Vivo en una casona rural de gruesos muros de piedra a las afueras de un pequeño pueblo al sur de Madrid. Cuando llegamos, la cancela que separa el escaso jardín de la calle estaba entornada, pero no se apreciaba ningún signo de actividad en el interior de la vivienda. Toqué el timbre y esperé; nada. Golpeé el portón con la pesada y estruendosa aldaba y esperé; nada. Rodeé el edificio intentando atisbar a través de las cortinas corridas; nada. Sólo entonces me decidí a abrir la puerta principal con mi propia llave; intuía ya qué podía haber pasado. La vivienda estaba en silencio, las luces apagadas, las cosas ni ordenadas ni desordenadas; parecía que quienes allí vivieran podían volver en cualquier momento. Pasé al gran salón que he convertido en mi biblioteca. Evitando que mis acompañantes se percataran de lo que examinaba, comprobé enseguida que los legajos de la necrosomnia no estaban en su sitio. No me extrañó. Gaby tenía mis más severas instrucciones de que nunca dejara la casa sola con esos papeles dentro. Si había hecho lo que imaginaba, supuse que los legajos estarían custodiados por Waldo, el extravagante enano que ella solía presentar como primo suyo. Pero eso sólo lo sabía yo, y así debía seguir siendo. No era por curiosidad inocente que los empleados del ambicioso Weacock repasaban los volúmenes de mis estanterías.

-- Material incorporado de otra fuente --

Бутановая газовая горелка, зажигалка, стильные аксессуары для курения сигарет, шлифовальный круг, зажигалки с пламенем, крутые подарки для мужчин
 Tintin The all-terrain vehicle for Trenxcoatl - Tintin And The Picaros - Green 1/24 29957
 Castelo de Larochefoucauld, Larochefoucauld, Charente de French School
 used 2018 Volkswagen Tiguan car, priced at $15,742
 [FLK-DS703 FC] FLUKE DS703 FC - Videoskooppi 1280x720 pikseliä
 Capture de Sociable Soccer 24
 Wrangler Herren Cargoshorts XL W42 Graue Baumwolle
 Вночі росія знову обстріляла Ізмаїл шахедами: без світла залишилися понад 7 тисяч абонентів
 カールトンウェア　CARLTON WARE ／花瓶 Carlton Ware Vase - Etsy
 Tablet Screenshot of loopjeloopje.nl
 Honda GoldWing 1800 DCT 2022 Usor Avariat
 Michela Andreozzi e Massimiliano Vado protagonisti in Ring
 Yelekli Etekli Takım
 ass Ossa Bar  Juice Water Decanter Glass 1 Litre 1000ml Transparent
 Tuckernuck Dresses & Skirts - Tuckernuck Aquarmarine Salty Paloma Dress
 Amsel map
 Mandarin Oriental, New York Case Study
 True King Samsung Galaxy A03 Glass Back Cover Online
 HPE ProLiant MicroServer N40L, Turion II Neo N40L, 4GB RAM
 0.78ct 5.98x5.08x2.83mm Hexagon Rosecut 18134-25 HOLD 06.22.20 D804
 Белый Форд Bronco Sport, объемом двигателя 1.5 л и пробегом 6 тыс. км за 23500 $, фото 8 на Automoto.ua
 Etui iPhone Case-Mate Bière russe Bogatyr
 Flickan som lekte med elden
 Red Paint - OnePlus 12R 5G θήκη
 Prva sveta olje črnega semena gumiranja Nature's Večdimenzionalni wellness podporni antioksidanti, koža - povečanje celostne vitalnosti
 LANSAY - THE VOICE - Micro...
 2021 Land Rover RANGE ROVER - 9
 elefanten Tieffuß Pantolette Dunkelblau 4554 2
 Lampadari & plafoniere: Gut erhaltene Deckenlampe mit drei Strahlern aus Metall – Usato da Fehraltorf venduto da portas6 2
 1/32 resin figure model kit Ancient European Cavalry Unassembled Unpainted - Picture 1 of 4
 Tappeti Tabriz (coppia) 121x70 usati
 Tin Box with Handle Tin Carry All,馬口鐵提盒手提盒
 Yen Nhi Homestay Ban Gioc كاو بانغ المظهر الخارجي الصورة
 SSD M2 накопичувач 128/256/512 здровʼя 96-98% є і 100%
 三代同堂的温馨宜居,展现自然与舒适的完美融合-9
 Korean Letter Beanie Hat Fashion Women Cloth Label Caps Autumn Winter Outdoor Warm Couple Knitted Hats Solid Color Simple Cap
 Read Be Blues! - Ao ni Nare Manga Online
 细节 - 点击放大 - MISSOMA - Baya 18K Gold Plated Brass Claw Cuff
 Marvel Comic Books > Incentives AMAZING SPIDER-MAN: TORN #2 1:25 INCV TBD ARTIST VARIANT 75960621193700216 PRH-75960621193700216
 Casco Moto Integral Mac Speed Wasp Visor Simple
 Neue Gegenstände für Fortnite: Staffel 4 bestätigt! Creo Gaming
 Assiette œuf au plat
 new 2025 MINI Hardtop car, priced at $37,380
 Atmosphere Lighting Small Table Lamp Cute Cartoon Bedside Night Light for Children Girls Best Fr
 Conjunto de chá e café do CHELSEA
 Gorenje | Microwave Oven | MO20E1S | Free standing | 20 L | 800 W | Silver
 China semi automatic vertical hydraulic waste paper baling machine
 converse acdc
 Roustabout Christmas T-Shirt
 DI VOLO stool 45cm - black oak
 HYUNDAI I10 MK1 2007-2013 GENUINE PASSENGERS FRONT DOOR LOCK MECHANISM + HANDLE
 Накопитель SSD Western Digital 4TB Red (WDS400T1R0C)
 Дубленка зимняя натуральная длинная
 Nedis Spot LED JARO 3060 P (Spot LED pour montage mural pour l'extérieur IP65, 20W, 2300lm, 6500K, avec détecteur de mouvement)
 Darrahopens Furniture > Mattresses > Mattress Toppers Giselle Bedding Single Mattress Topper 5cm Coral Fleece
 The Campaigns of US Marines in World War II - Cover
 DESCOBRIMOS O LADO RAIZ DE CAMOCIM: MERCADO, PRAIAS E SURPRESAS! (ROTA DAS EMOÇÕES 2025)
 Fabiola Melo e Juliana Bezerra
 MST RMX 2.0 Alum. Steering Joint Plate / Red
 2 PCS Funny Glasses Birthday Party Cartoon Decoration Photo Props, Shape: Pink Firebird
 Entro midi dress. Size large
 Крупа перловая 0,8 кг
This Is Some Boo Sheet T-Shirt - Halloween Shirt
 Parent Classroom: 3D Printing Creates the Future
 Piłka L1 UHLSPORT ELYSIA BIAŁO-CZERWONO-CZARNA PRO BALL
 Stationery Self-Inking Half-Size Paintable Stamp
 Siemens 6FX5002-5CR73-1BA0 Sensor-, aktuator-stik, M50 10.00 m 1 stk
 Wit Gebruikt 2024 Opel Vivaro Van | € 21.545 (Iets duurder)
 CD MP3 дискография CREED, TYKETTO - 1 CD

Bajé al sótano, donde tengo instalado mi laboratorio. Como esperaba, sobre la gran mesa central vi varios recipientes con restos de soluciones de nitrato de plata, de hidróxido potásico, amoníaco ... Hacia un extremo de la tabla, dos de mis decantadores de vidrio destapados, vacíos de todo resto de necrosomnia. No hacían falta más datos, pero también estaba el gran espejo con su marco rococó de madera embadurnada en dorado, ese del que hace ya unos cuantos años Gabriela se prendó un domingo mañanero en el Rastro y que yo le regalé advirtiéndole, con gestos misteriosos, que sería el vehículo de muchas sorpresas (por aquél tiempo Gaby todavía ignoraba tantas cosas). Me acerqué al espejo y, distraídamente, lo enderecé lo suficiente para echar un breve vistazo a su dorso; en efecto, el azogue era nuevo, la película de plata se delataba resplandeciente.
Supongo que algunos de mis lectores habrán intuido qué había pasado, al menos en parte. No hacen falta muchos conocimientos de química aplicada para deducir que Gabriela había azogado el espejo con un nuevo plateado. Quien ignoré estos saberes elementales puede sin apenas esfuerzo consultarlos en la red. Diré simplemente que, desde mediados del siglo XIX, los espejos se fabrican cubriendo los reversos de láminas de vidrios con soluciones de plata metálica reducidas químicamente a partir de sales argénteas (nitrato, en mi caso). Antes se hacían recubriéndolos con una amalgama de mercurio y estaño. Si durante la preparación de la amalgama mercuriana se aportaba una determinada dosis de necrosomnia, el espejo adquiría unas muy especiales propiedades. Tales proporciones y procedimientos figuran detallados en mis pergaminos; mérito mío ha sido, tras varias pruebas, adaptarlos para el plateado de espejos. Hay que tener en cuenta que la especulación (entiéndase este vocablo como fabricación de espejos) con plata es mucho más cómoda que con mercurio. Los conjuros antiguos hemos de adaptarlos a las nuevas tecnologías sin que por ello pierdan su eficacia.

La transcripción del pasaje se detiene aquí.